SOURCE MATERIAL START

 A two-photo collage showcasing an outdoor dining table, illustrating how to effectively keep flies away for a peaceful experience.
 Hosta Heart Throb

SOURCE MATERIAL END
SOURCE MATERIAL START

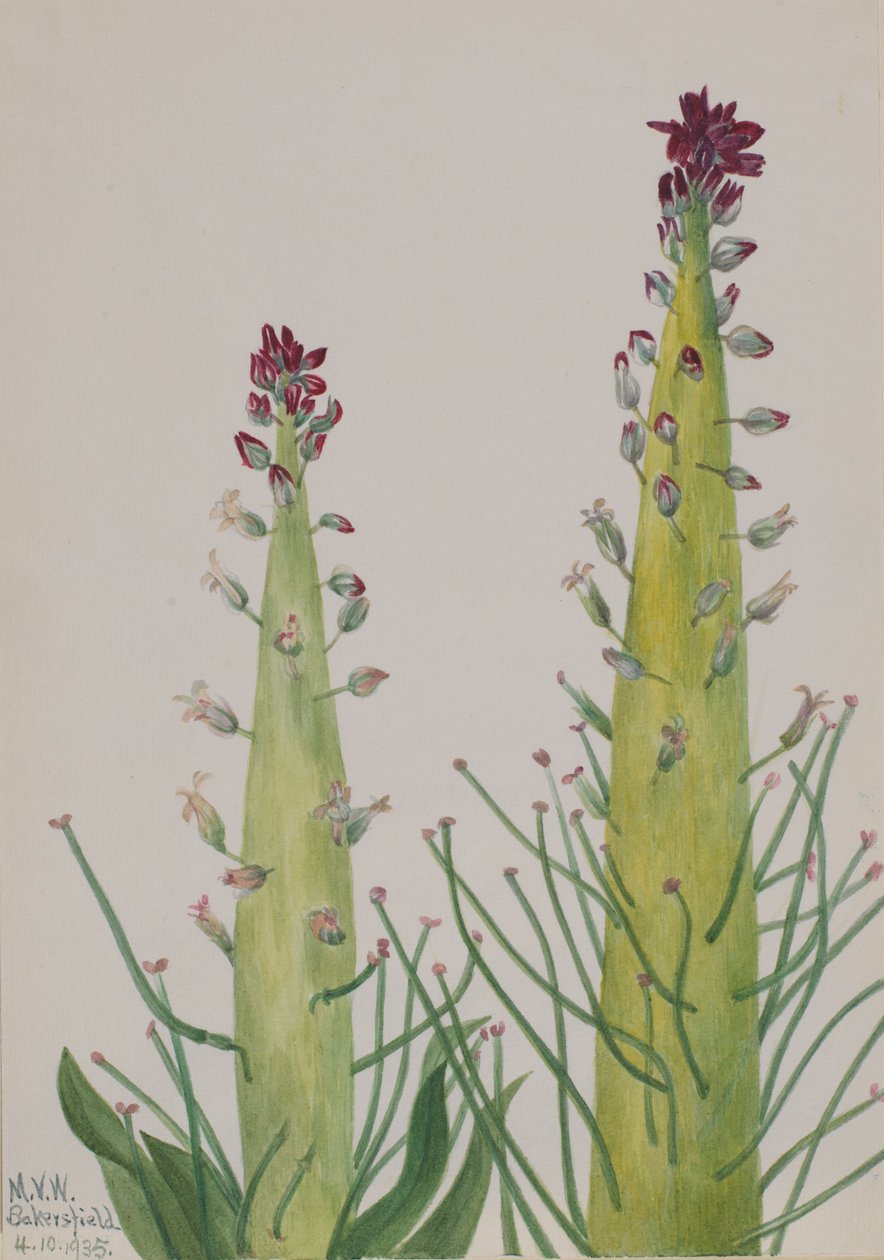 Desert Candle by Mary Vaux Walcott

SOURCE MATERIAL END

Using the records above, copy word for word the line with "A two-photo collage", the line with "Hosta Heart Throb", and every line between them.

_EXERCISE RESPONSE_:
 A two-photo collage showcasing an outdoor dining table, illustrating how to effectively keep flies away for a peaceful experience.
 Hosta Heart Throb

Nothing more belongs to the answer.